Perhaps the most worrying part of all this is that republican politicians and voters alike ALSO followed the Nazi playbook by abandoning their humanitarian principles, and condoning and even supporting this state of affairs en masse. And I find it especially incomprehensible how people who call themselves Christians with a capital ‘C’ reconcile the strong humanitarian message of their holy book and in particular their idol Jesus with supporting Trump – who is perhaps best described as the Antichrist, given his obviously evil nature. They hardly even protested when Trump depicted himself as Jesus … Either these religious people are extreme hypocrites, or they must experience a huge cognitive dissonance, given the chasm between what they preach and what they do (or rather: what they allow to happen without protest).

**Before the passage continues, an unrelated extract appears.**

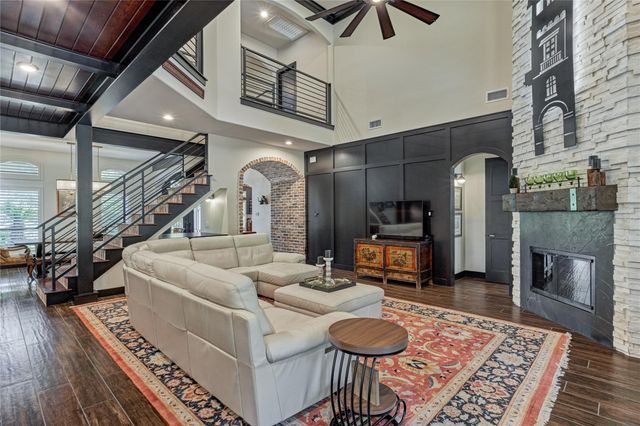 2 W Oaks Court, Montgomery, TX 77356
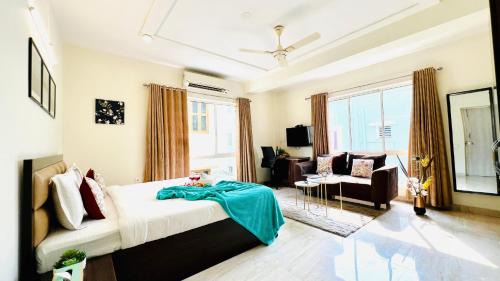 New Town Apartment | Cozy BluO Lake View Studio with Terrace Garden & Gym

Only very recently are MAGA supporters cautiously distancing themselves from Trump – but alas, not because they finally saw that the Trump administration is corrupt, evil and inhumane, but because they are now personally experiencing hardship due to Trump’s extreme stupidity and incompetence as a leader, causing gas prices to rise and making everyday life harder by the week. Principles are easily swept aside, but personal interests not so much …
And yes, other democratic countries show worrying trends too, albeit arising more from populist movements than from the actual government like in the US. We can only hope that the pendulum will swing the other way soon – and there are some hopeful signs such as Hungary’s recent election outcome.